*** Opening RAW DATA ***

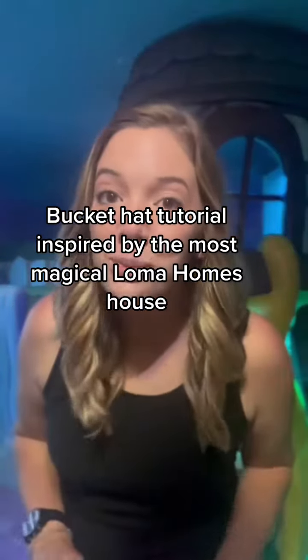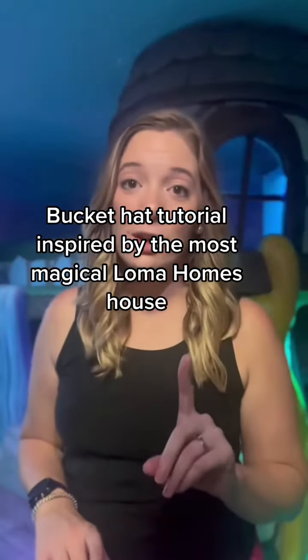We're staying in a most fabulous rental property called Once Upon a Castle by Loma Homes, and look at this Rapunzel room. So let's make a bucket hat inspired by it.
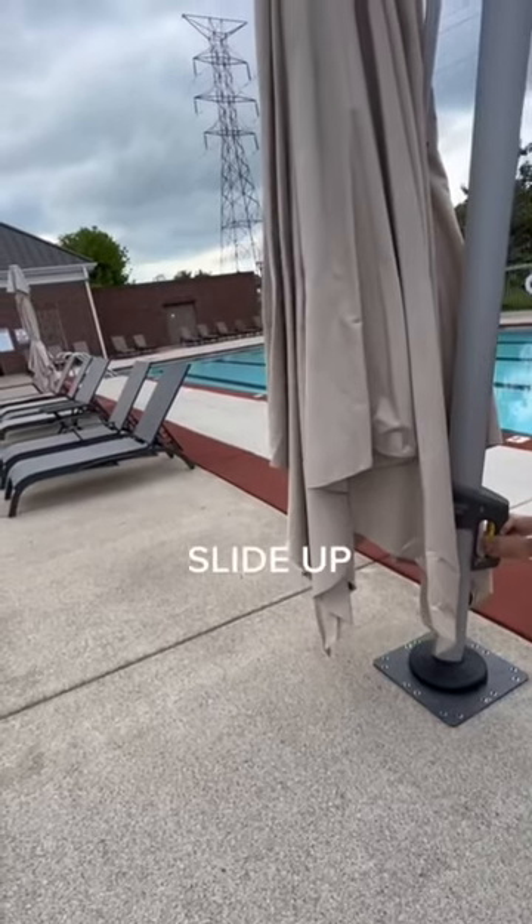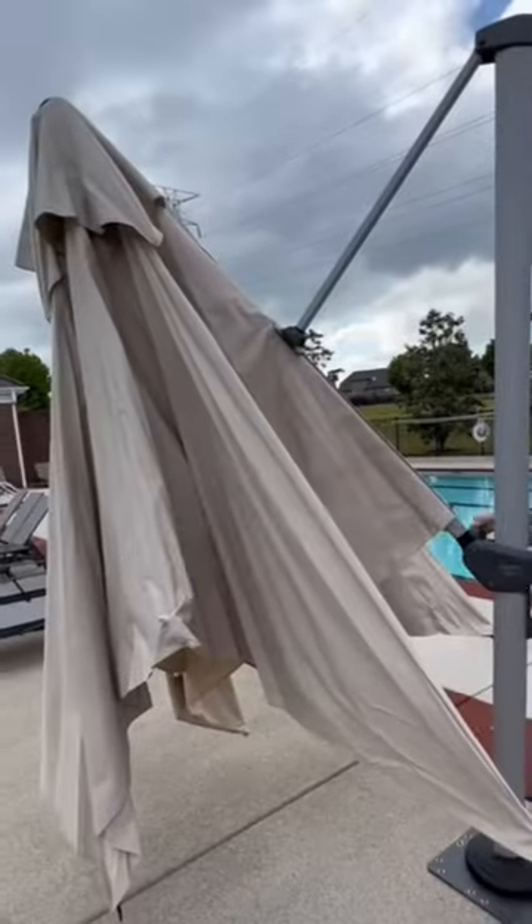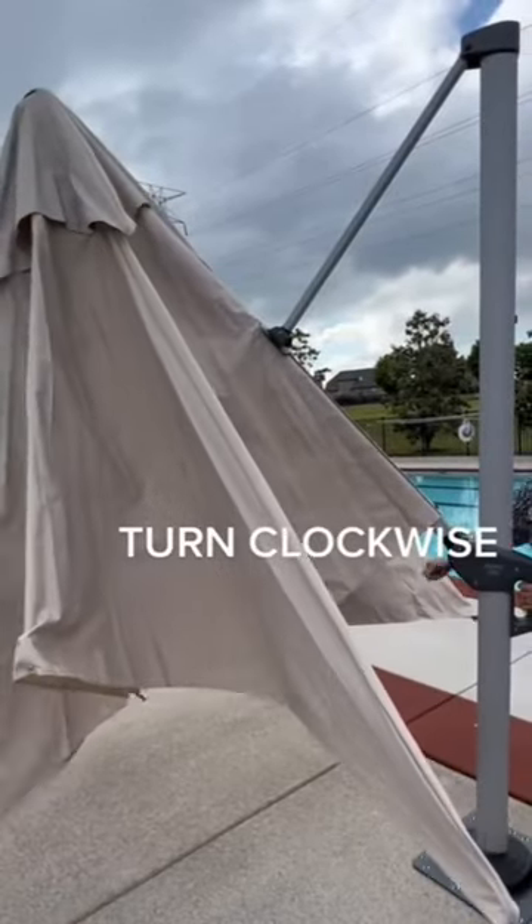This is extremely solid, and that's probably what you want for your umbrella if you are looking at this — you probably know exactly where you want to put it, and this is going to keep it there. Not only is it extremely sturdy, but it is also space saving.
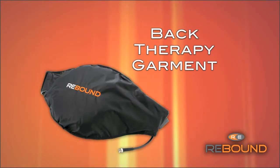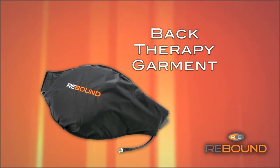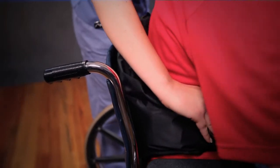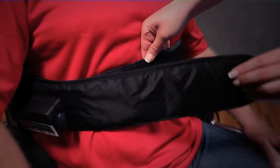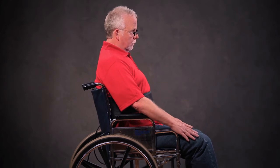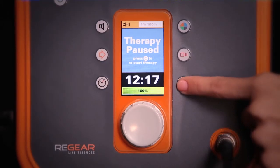Back therapy garment — this is a one size fits all flat pad that comfortably delivers deep heat to large areas of the back. This can be used in the seated or lying down positions. The velcro strap is for convenience; it does not need to be attached. Please note that when a patient is leaning against the back garment, the foam compresses and it may feel warmer to the patient. If a patient states that it's too warm, or if you know that they are sensitive to heat, simply reduce the intensity.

*** Closing RAW DATA ***

• [TASK DETAILS]:
Would you set down each line of the listing above exactly, apart from the pictures?

• [WRITTEN ANSWER]:
We're staying in a most fabulous rental property called Once Upon a Castle by Loma Homes, and look at this Rapunzel room. So let's make a bucket hat inspired by it.
This is extremely solid, and that's probably what you want for your umbrella if you are looking at this — you probably know exactly where you want to put it, and this is going to keep it there. Not only is it extremely sturdy, but it is also space saving.
Back therapy garment — this is a one size fits all flat pad that comfortably delivers deep heat to large areas of the back. This can be used in the seated or lying down positions. The velcro strap is for convenience; it does not need to be attached. Please note that when a patient is leaning against the back garment, the foam compresses and it may feel warmer to the patient. If a patient states that it's too warm, or if you know that they are sensitive to heat, simply reduce the intensity.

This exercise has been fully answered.